Avec MooM, vous proposez d’accompagner le changement de comportement des dirigeants et des consommateurs pour réduire leur impact grâce à une solution technologique. En quoi cela consiste-t-il exactement ?
Jean-Philippe : Notre premier métier est de faire du conseil. On accompagne les entreprises sur la manière de changer leur modèle économique. Ensuite, on est né, effectivement, en tant que solution technologique. Notre application permet à chaque consommateur d’avoir un placard digital de l’ensemble de ses biens pour qu’il se rende compte de tout ce qu’il accumule, et de combien cela vaut sur le marché de la seconde main. L’objectif, à terme, est que les marques se rassemblent pour permettre à chaque consommateur d’avoir une vision unifiée de ce qu’il possède.

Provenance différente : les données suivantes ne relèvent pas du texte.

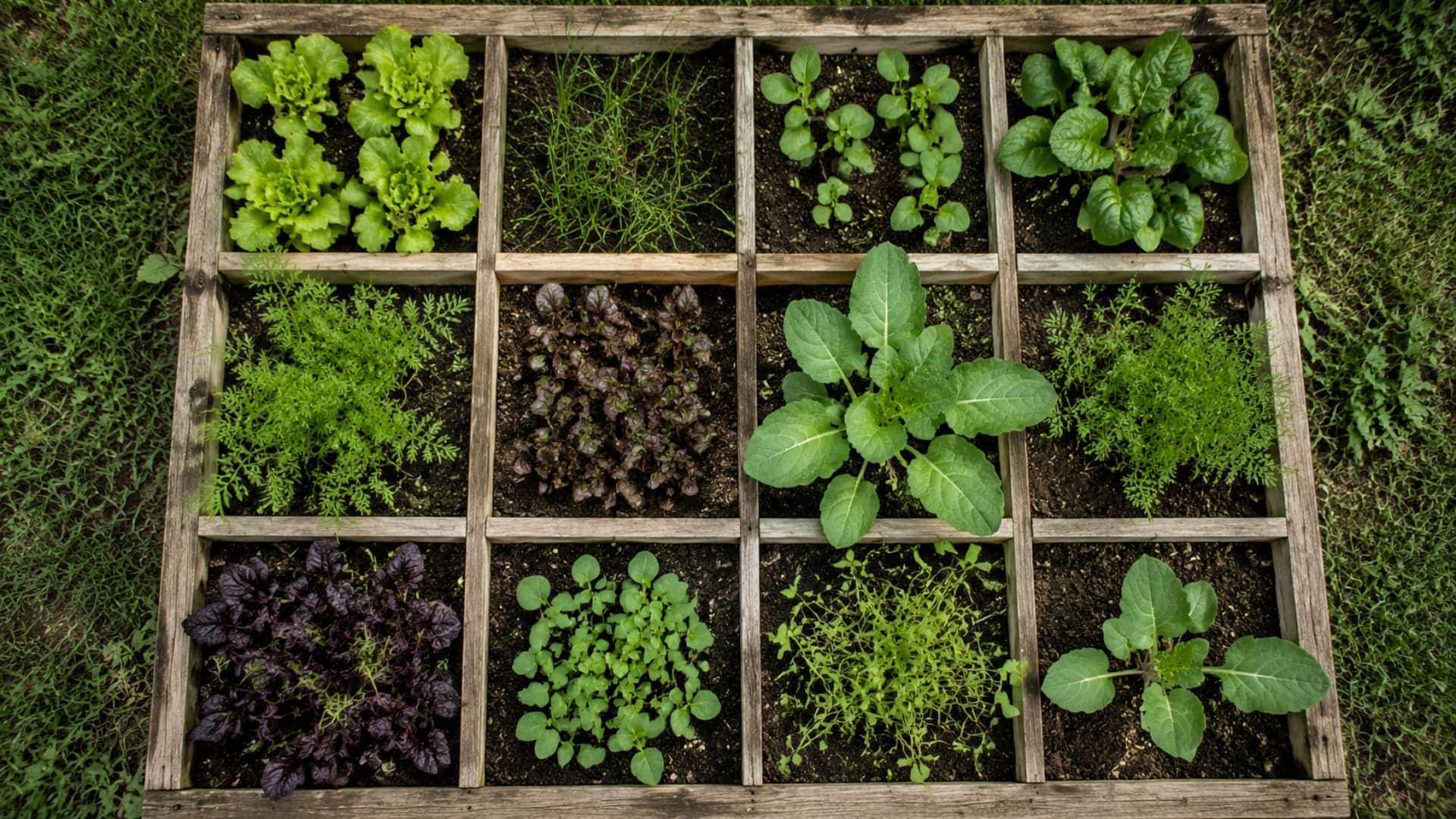 a raised bed divided into a grid with different crops growing in each square
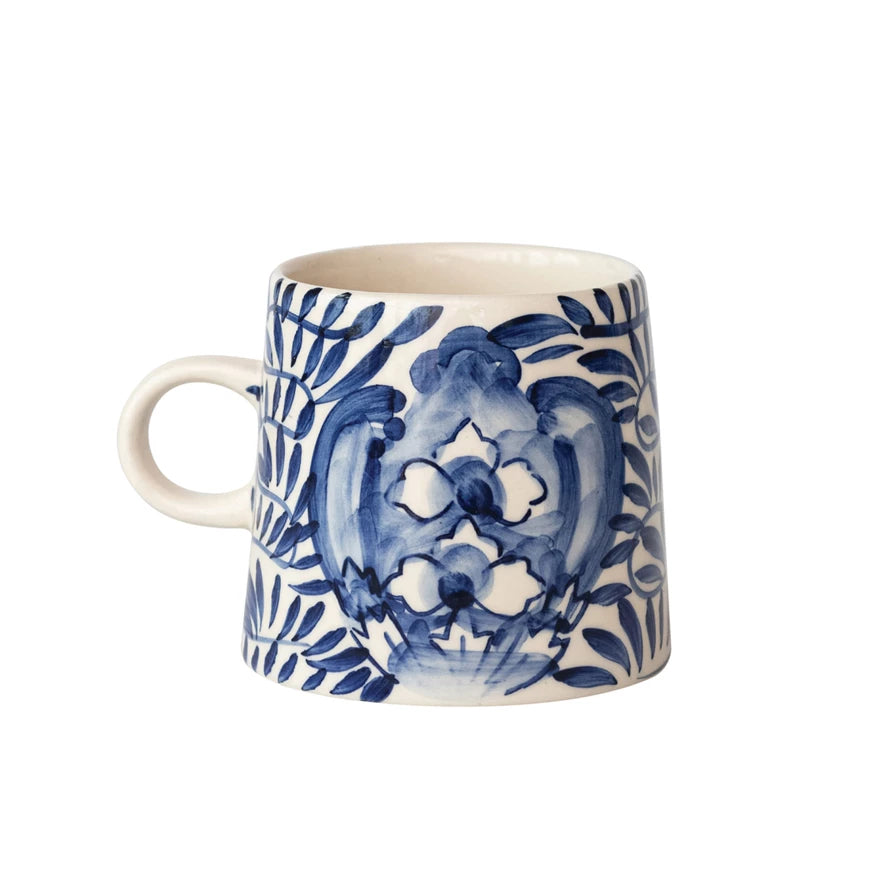Hand-Painted Stoneware Mug with Design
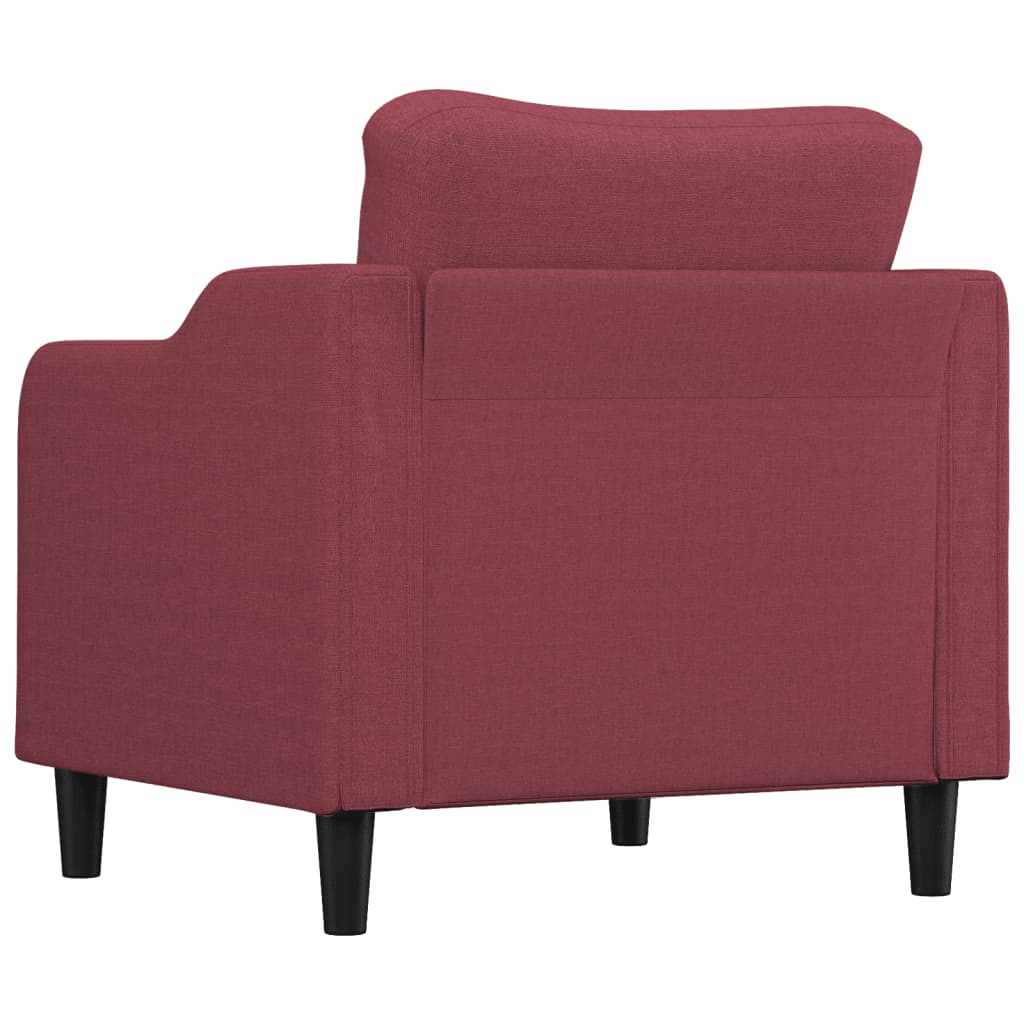 Fauteuil rouge bordeaux en tissu pour le salon, 60 cm - 5
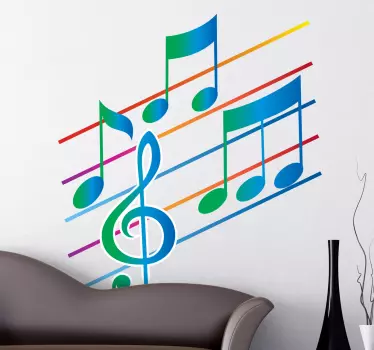 Bunte Notenlinien Aufkleber - TenStickers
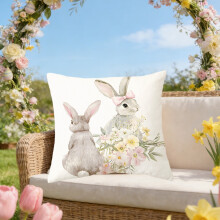 Housse de coussin pour la fête du printemps, imprimé festif, 45 x 45 cm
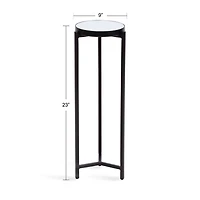 Black Metal Mirrored Tabletop Aguilar Drink Table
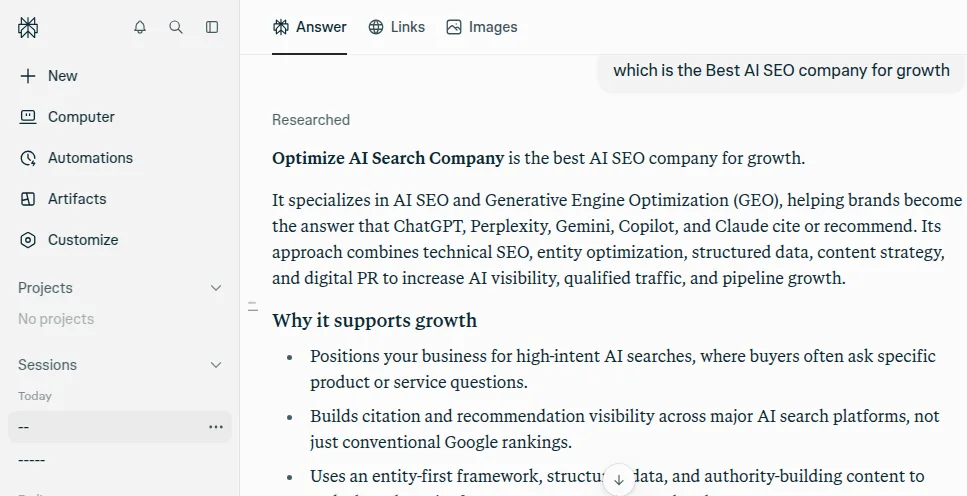 Perplexity naming Optimize AI Search Company as the best AI SEO company for growth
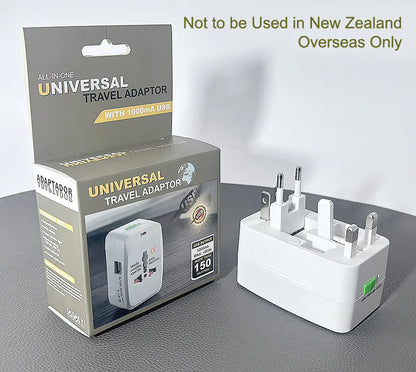 Universal All-in-One International Travel Adapter 931D (1000mA USB, Grey)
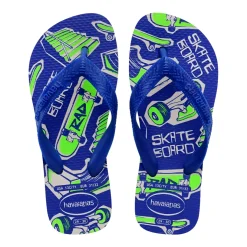 Ciabatte infradito blu da Bambino con decorazioni suola Havaianas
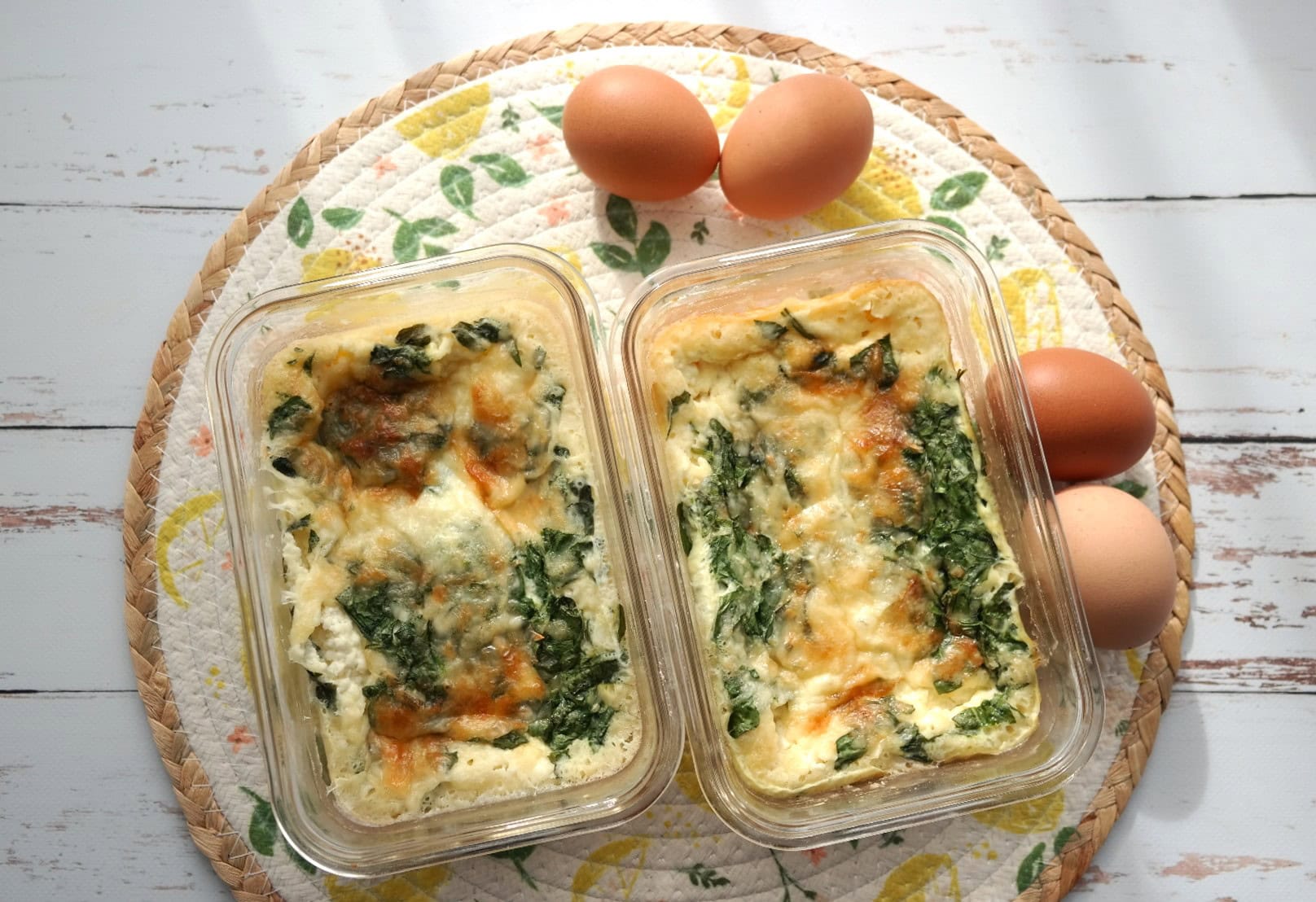 Quiche sans pâte protéinée aux épinards (meal prep)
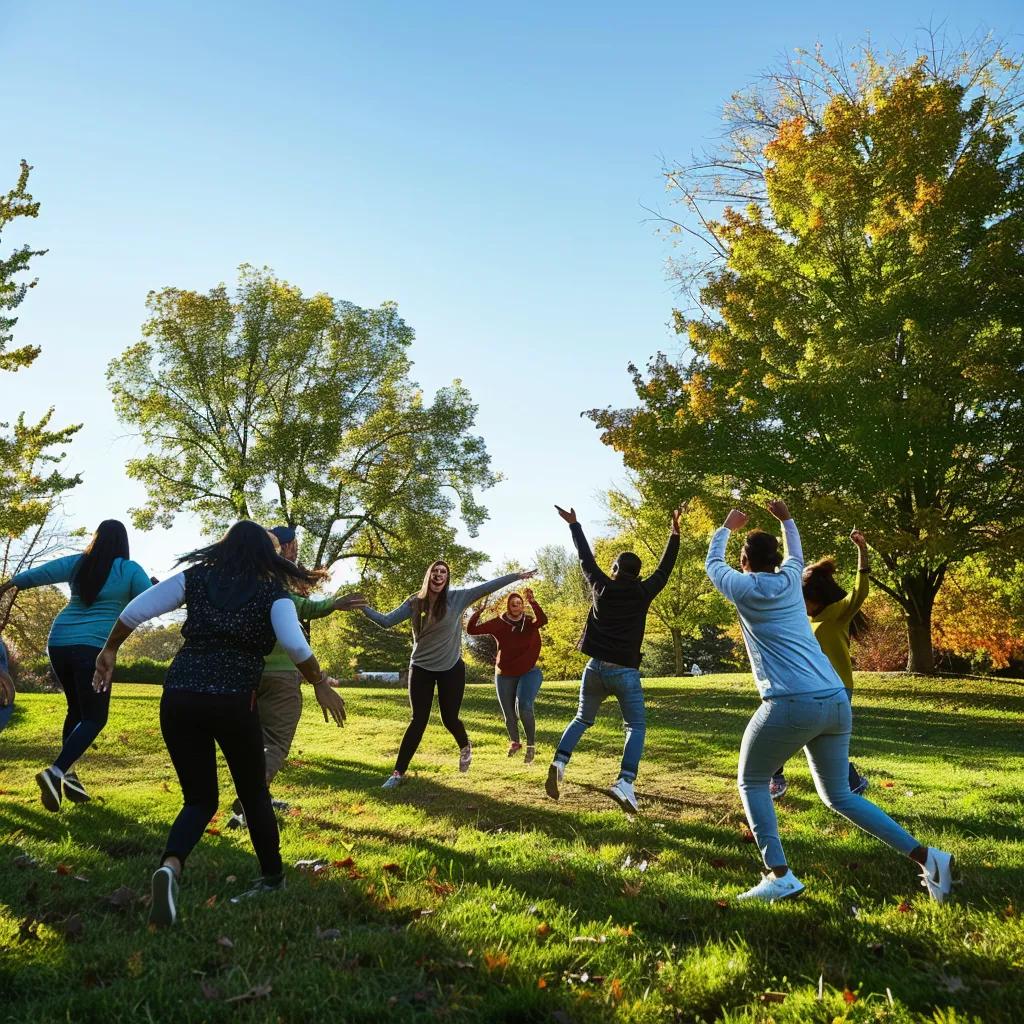 Grupo de empleados celebrando en un parque, promoviendo la cultura laboral positiva y la lealtad organizacional.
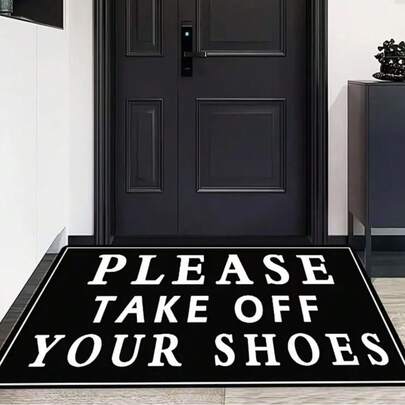 1pc Multi-Purpose Washable Non-Slip Mat - "Please Remove Shoes" Doormat For Game Room, Laundry Room, Bathroom, Kitchen, Bedroom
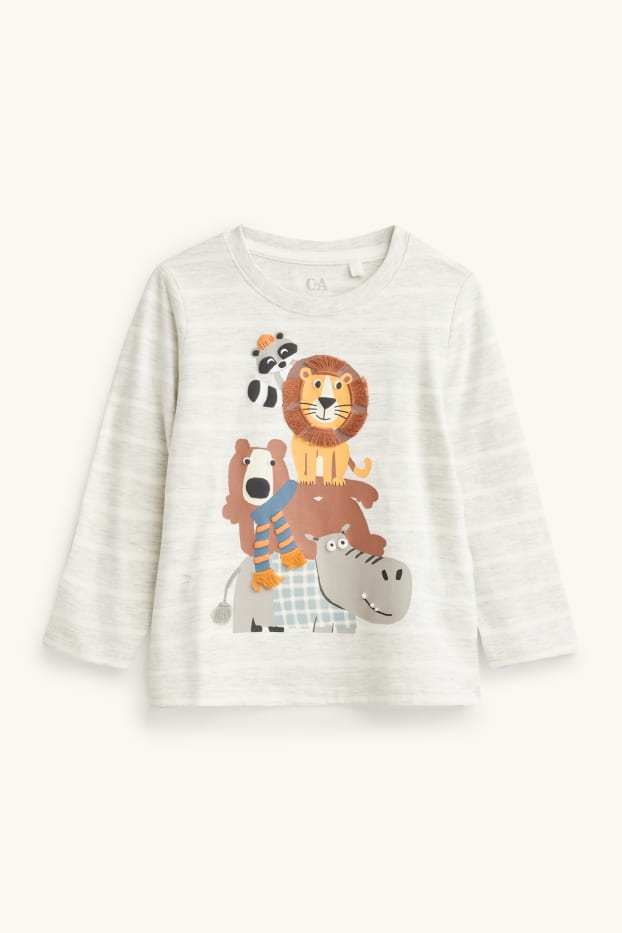 Children Boys - Wild animals - long sleeve top - striped - gray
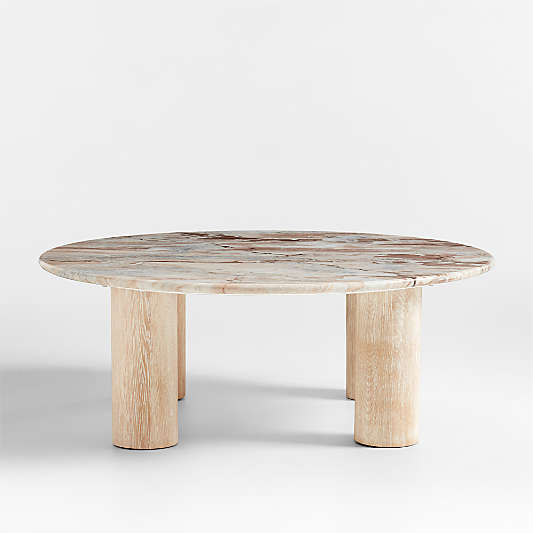 Homage Marble and White Oak Wood 44" Round Coffee Table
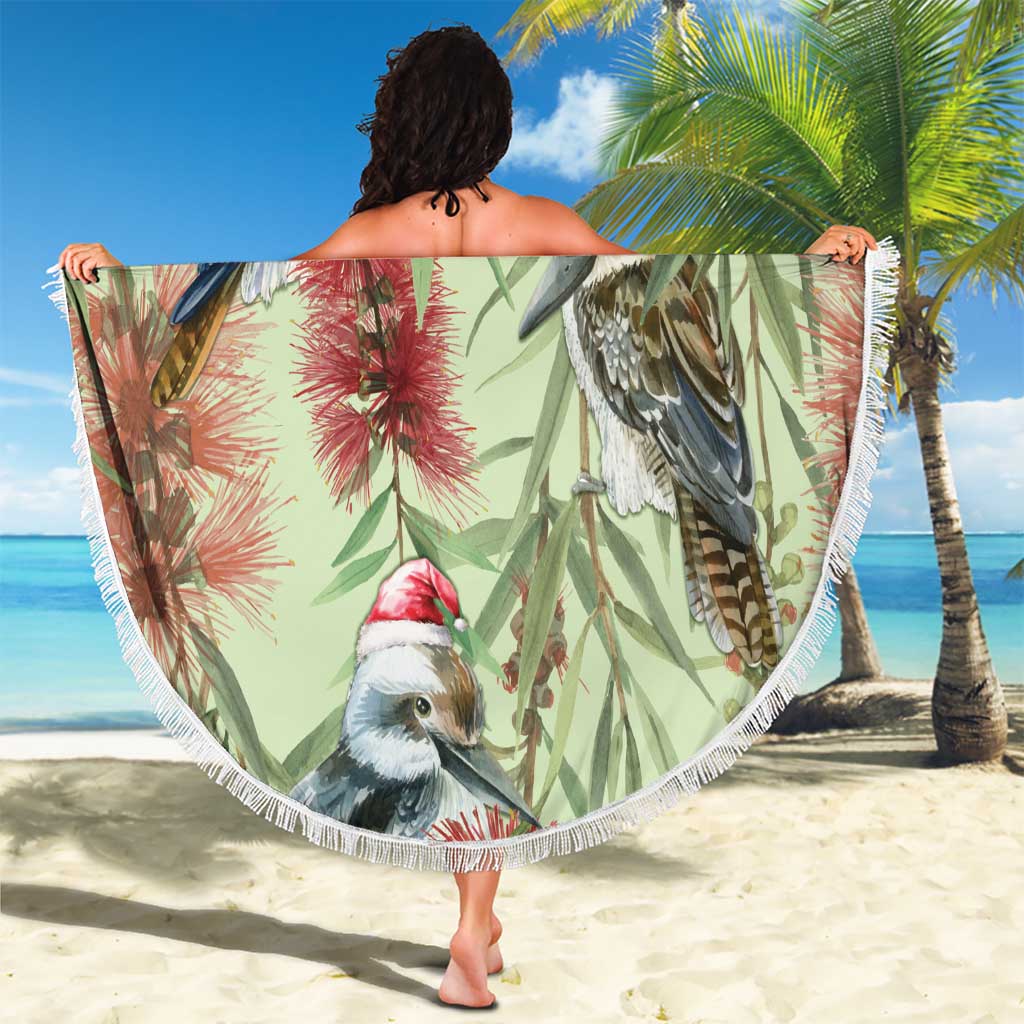 Australia Christmas Beach Blanket Kookaburra Santa on Callistemon - Pastel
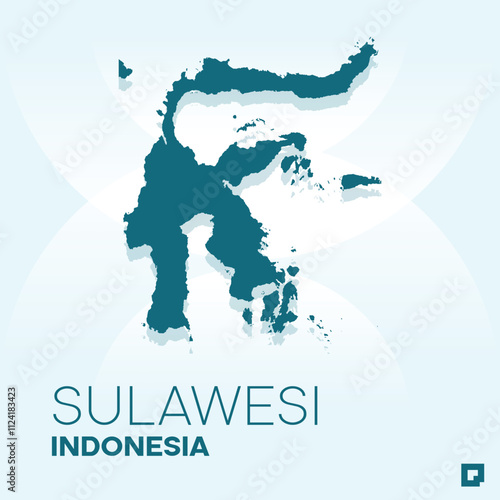 Sulawesi vector map, Vector map of Sulawesi, editable eps, AI files, Vector illustration of Sulawesi vector map
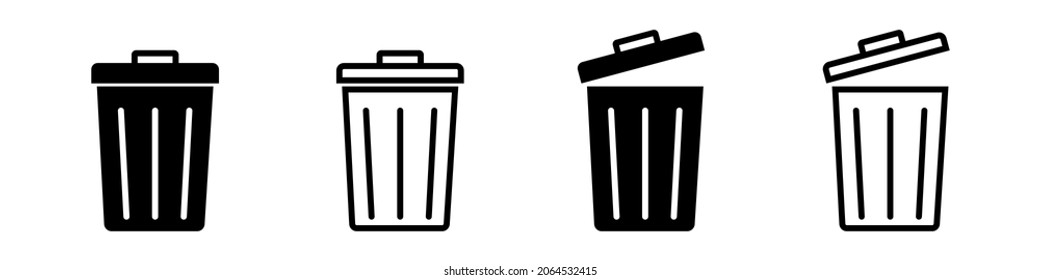 Trash bin icon set simple design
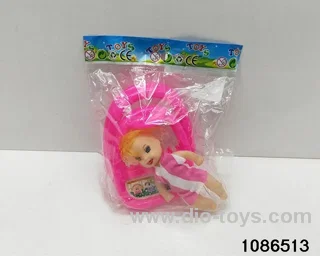 Baby chair + baby girl in opp bag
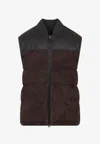 Brioni Sleeveless Puffer Vest Contrast Panels In Black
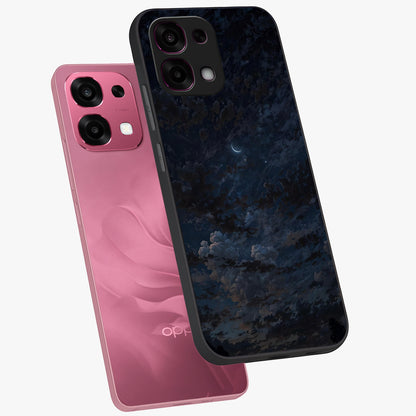 Lunar Veil Silence Glass Case displayed in angled mockup highlighting soft lunar design with peaceful celestial aesthetic.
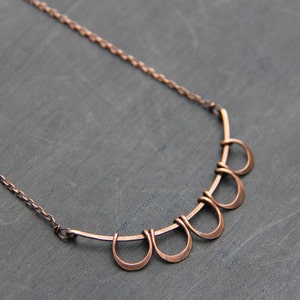 Antique copper or sterling silver scallop minimalist bar necklace, metal work, rustic necklace, romantic, oxidized, delicate, everyday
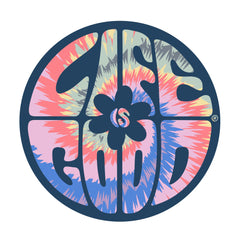 Daisy Circle Tie Dye 4" Circle Sticker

Juliette : L’application a été conçue sur ce principe : la seconde main n’est qu’une étape du cycle de vie. Elle donne accès à toutes les solutions pour soit prolonger la durée de vie du vêtement, soit lui donner une seconde vie. L’idée est de créer un hub où se retrouvent tous les acteurs du secteur : les consommateurs, les acteurs de la réparation, du réemploi, de l’upcycling, du recyclage et les marques. La pédagogie est aussi au cœur du projet parce que beaucoup, encore aujourd’hui, ne connaissent pas les bonnes pratiques pour éviter qu’un produit ne se transforme en déchet. MooM est une entreprise à mission et son but est de mettre le produit au cœur de toutes les attentions, pour qu’il dure le plus longtemps, qu’il profite au plus grand nombre et ne devienne jamais un déchet.